Long Term Pot Use Linked to Lost Word Recall
Some studies provide breakthrough information, while others confirm what some may have already suspected.
Researchers in Switzerland set out to study the link between cumulative lifetime marijuana use and cognitive performance in middle age. It may come as no surprise that they found links between prolonged pot use and declining verbal memory.
The researchers used data from the Coronary Artery Risk Development in Young Adults (CARDIA) study, which contains 25 years of marijuana exposure measurements, beginning in early adulthood. In the final year, the study measured cognitive performance through standardized tests of verbal memory, processing speed and executive function.
In total, 3,499 participants were assessed at the 25-year visit, and 3,385 had cognitive function data.
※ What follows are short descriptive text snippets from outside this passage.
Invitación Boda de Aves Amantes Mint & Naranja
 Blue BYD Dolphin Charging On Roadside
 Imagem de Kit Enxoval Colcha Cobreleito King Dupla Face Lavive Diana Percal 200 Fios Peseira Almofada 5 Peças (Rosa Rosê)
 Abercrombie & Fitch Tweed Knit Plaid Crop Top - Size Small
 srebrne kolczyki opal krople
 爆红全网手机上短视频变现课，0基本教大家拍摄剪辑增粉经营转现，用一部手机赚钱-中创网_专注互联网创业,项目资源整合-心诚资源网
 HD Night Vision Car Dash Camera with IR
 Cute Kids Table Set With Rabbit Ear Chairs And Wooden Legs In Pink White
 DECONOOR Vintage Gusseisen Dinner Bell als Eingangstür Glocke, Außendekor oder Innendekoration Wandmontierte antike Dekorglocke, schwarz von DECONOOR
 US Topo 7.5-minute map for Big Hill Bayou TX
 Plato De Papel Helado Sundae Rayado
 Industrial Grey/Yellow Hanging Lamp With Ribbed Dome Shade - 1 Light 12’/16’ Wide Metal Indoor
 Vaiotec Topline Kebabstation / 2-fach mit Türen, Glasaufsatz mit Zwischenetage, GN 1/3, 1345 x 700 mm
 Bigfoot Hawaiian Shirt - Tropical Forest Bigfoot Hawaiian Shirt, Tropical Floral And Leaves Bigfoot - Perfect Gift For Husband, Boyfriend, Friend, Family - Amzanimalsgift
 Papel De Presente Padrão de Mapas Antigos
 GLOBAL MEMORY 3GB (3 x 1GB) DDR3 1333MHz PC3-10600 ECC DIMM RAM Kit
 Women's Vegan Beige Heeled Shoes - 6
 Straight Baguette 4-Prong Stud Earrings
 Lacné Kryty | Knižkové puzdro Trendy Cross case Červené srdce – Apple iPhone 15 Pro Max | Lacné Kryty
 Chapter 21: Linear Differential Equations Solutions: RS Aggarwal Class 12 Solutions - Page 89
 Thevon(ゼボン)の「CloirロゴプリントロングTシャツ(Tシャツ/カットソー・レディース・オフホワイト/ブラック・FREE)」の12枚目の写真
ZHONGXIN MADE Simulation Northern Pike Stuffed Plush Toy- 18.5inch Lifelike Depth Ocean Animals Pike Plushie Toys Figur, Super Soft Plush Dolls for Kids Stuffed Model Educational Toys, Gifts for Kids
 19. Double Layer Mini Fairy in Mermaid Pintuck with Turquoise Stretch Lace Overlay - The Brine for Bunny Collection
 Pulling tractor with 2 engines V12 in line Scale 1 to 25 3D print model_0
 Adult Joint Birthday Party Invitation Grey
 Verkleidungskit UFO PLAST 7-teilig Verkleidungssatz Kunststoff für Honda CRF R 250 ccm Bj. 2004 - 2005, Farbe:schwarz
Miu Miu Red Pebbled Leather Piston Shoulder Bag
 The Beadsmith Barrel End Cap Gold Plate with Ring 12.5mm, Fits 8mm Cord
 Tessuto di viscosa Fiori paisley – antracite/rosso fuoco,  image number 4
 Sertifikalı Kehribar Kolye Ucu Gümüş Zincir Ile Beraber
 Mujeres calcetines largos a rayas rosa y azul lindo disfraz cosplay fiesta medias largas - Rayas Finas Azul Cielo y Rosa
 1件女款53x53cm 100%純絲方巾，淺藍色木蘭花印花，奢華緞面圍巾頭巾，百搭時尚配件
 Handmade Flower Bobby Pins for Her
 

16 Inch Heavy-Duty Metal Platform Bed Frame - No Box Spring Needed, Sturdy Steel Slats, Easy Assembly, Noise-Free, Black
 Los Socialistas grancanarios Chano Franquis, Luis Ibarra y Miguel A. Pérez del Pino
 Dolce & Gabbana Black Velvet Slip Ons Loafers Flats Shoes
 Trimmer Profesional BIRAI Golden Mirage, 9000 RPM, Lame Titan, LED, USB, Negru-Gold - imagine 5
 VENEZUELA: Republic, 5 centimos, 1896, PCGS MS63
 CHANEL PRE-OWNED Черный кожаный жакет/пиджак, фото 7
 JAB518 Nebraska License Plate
Of these, 84.3 percent reported past marijuana use and 11.6 percent reported continuous marijuana use into middle age.
The study team found that past marijuana exposure was linked with worse verbal memory. However, it did not appear to affect other areas of cognitive function. In detail, for every 5 years of past exposure, verbal memory was 0.13 standardized units lower, which the researchers say corresponds to an average of 1 of 2 participants remembering one word fewer from a list of 15 words.
Marijuana use in the U.S. is quite common among adolescents and young adults. Data from 2012 revealed that 37 percent of 12th-graders had used marijuana in the last year, 23 percent used it within the last 30 days and 6.5 percent used it daily.